Friday, November 9, 2007

Daddy's Hands

Daisy Parker
Focal Point: Person


Daddy’s Hands

With tubes hooked to every part of his body, monitors reading every vital sign, and busy nurses in and out the room, I feel completely helpless. All I can do is hold the hands of my precious 85 year old daddy who is fighting hard to hang on to life. For the past three days, his hands have been his way of communicating with us. I want to grab my daddy’s life tight in my grip and never let go. As I stare at his hands, I think of all the lives he’s touched.

His innocent hands swung the ax to chop firewood and caught that stupid chicken that flapped her wings and scurried away to keep from being locked in the henhouse. His hands learned to dig potatoes, pick cotton, milk a cow, and shoot a gun. Because he was a superb marksman, he helped his family survive the depression by putting meat on their table.

Blisters covered his young hands from the back-breaking hours of gripping the handles of the one-horse plow. Despite the blisters, if he ever got a free minute from working, he was tossing or catching a football. His young hands grew into strong hands that handled a football like it was part of his body as he caught amazing touchdown passes to lead his beloved Furman University to many victories.

One bitterly cold Christmas Eve, as our family was gathered around the table for the traditional Christmas dinner, the phone rang. A duck hunter had not returned home. Immediately, Daddy and my two older brothers left to help the rescue squad search for the missing hunter. Hours later the young man was found. To keep from freezing to death, he had buried himself under the thick mud and the leaves. Daddy used his hands to scrape the mud and leaves off the shivering boy and then wrapped him in a dry blanket. Through chattering teeth the young man cried, “Thank you, thank you, for saving my life.”

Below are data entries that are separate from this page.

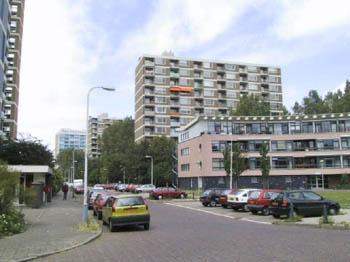Afbeelding 1 van 3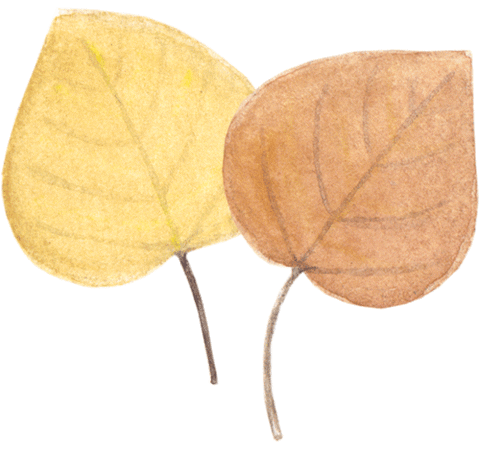 Leaves Leaf Sticker by amy zhang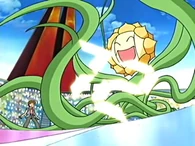 EP399 Sunflora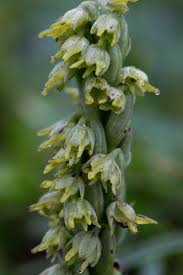 Attēlu rezultāti vaicājumam “Herminium monorchis flower”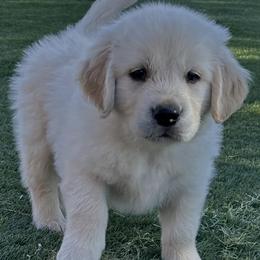 Archie - Light golden male Golden Retriever puppy in Amarillo, Texas from Bluebonnet Goldens
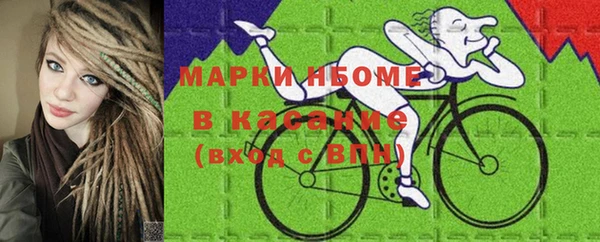 соль ск Алзамай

He worked three jobs, but always had the time when I needed him. Little girls panic over the silliest things. I was almost in tears because everyone in my class could tell time but me.

"Sit down here on the couch and I’ll teach you,” he said.

As I cuddle close to him, I loved the comforting smell of his Old Spice after shave. He takes off his watch and carefully explains every detail of a clock to me. He keeps twisting the hands of his watch until I understand. Within thirty minutes, I’m all smiles because telling time is a cinch for me! (I want to feel this closeness one more time, so I pull his hands up to my cheek.)

A Daddy’s pure love is what he shared with me, but there was no one on this earth that he loved more than my mother. Even at 85 years old, my daddy would get that precious grin on his face as he told the story of the day he fell in love with my mother.

“It was the summer before my senior year in college and I needed money. These strong hands got me a job sweepin’ floors at a mill in Greenville. One day, as I was cleaning, I happened to look out the window and I saw the most beautiful girl I had ever seen in my life. I couldn’t take my eyes off of her. Then I turned to the man working beside me and told him to shake my hand. I want you to be the first man to congratulate me because I’m getting married! See that gorgeous girl. That’s the girl I’m going to marry.”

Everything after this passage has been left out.